Textron has lowered its revenue outlook for subsidiary Cessna to account for new delays on several business jet development programmes that will reduce expected deliveries this year.

Textron chief executive Scott Donnelly blamed the delays on struggles by Garmin to certificate a common flight deck that is shared between the new M2, Longitude and X business jets.

"The guys are very bullish that we think it has the things that it needs to have in it for the final [certification], and so it's a matter of just taking those now and getting them into the actual aircraft," says Donnelly, speaking to analysts on a third quarter earnings teleconference call on 17 July.
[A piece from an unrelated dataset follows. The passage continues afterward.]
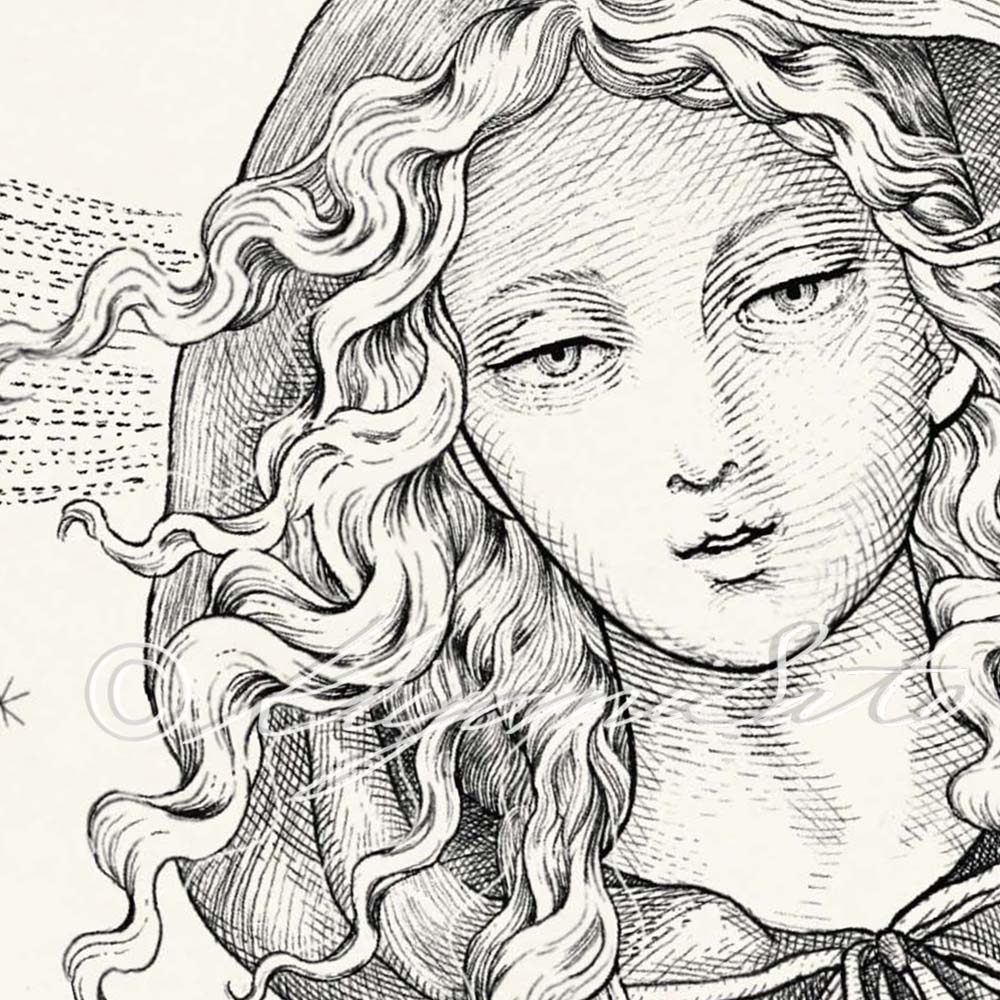 Circe, Greek Myth Art Poster, Orphic Myth Illustration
The delays will push back entry into service for the M2 an the new Sovereign from the third quarter to the fourth quarter. The effort to complete certification on those two aircraft means that the delay on the Citation X will be longer, stretching from the third quarter to the first quarter of 2014, Donnelly says.
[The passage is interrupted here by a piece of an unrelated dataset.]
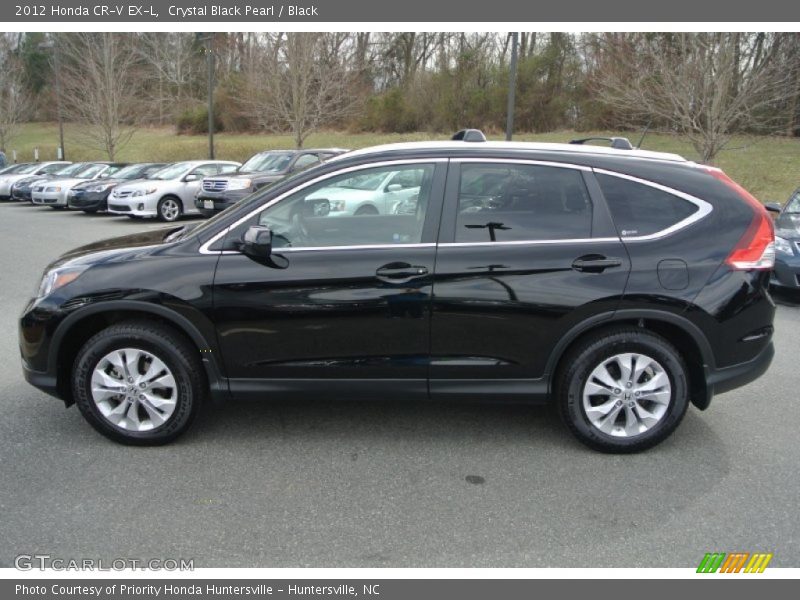 Crystal Black Pearl / Black 2012 Honda CR-V EX-L
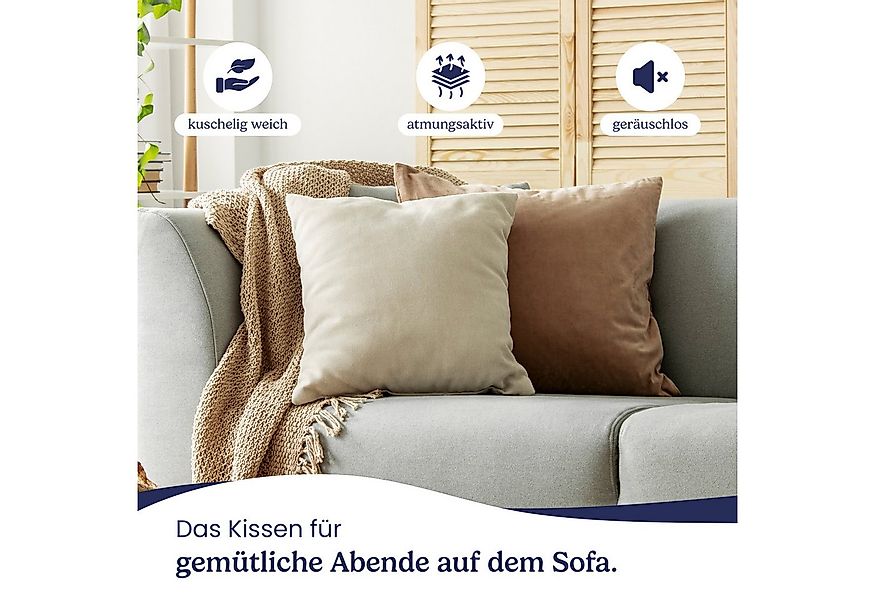 Gentle North Dekokissen 2er Set Kopfkissen - Kissen für Bett und als Dekoki günstig online kaufen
"In the grand scheme of things, I don't like having a certification date slip out, but this is a relatively mild, modest slip," Donnelly says.
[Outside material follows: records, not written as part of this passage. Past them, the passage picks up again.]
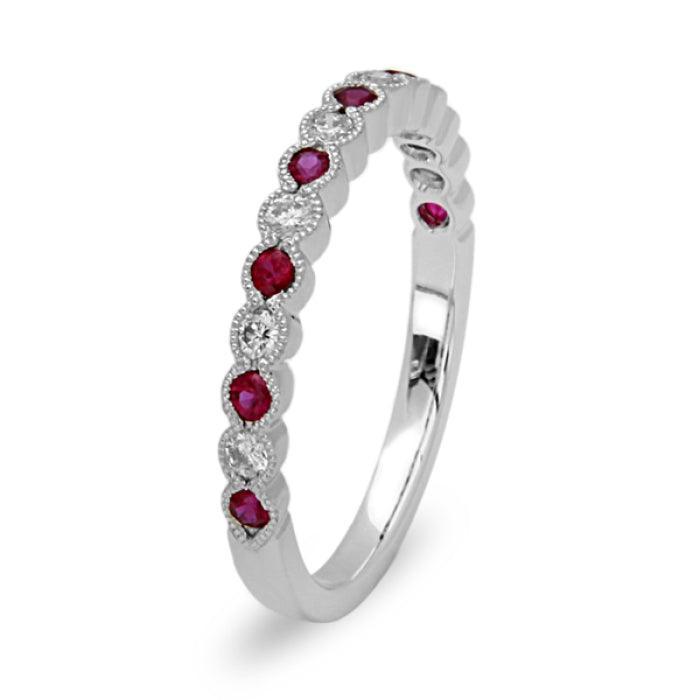 Diamond & Ruby Ring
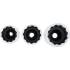 Jeu de Douilles pour Bougies d'Allumage 3 pcs - 14, 16, 18 mm, Transmission Carré 10 mm - Précision et Durabilité - D-Work
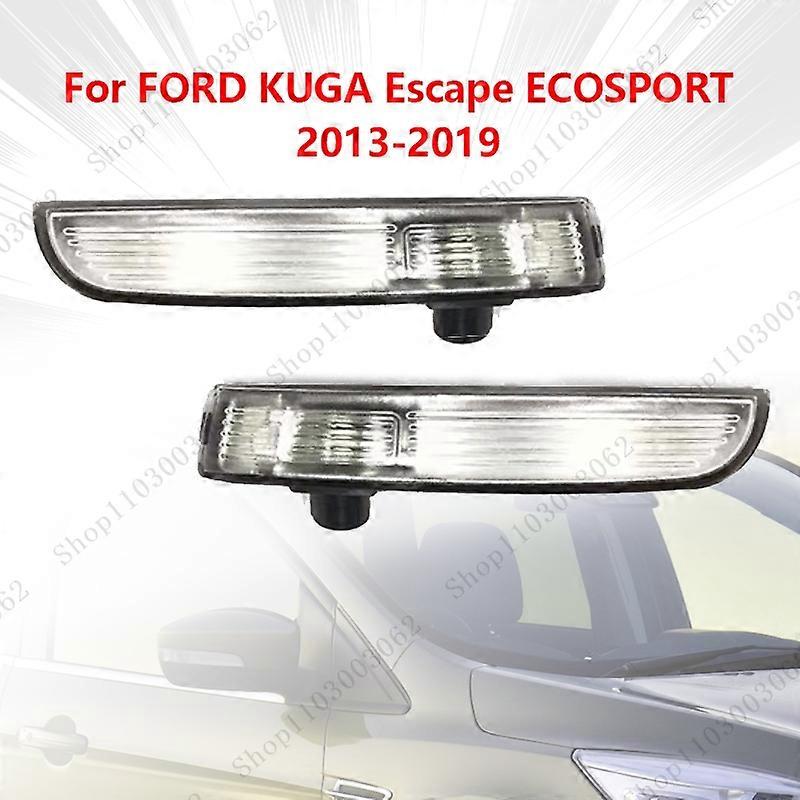 Applicable to For FORD KUGA Escape ECOSPORT 2013-2019 Rearview Side Mirror Turn Signal Light Lamp Repeater CJ513B384AA CJ5413B383AA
Cessna continues to develop the Latitude and Longitude jets for service entry in 2015 and 2017, and is "making good progress", Donnelly says.

In the second quarter, Textron announced that Cessna would slow production of light jets, such as the M2, CJ2, CJ3 and CJ4, as potential customers were demanding steeper discounts than the corporate parent was willing to allow to complete deals. Market demand for such aircraft has not changed since that announcement in May.

"There's obviously some activity, but it's still pretty soft," Donnelly says.

In Textron's view, the light jet market remains depressed because the target customer are owners of small and mid-size businesses, and that community has not regained confidence levels from before the 2008 financial crisis. As a result, instead of buying replacement aircraft in roughly seven-year cycles, they're holding back longer and accepting a penalty on the used aircraft's residual value.

"Eventually they will come, but I think a lot of it just has to do with where the residual values are," Donnelly says. "I think the biggest challenge is that we haven't really seen, for sure, have not seen a price recovery in terms of used aircraft values."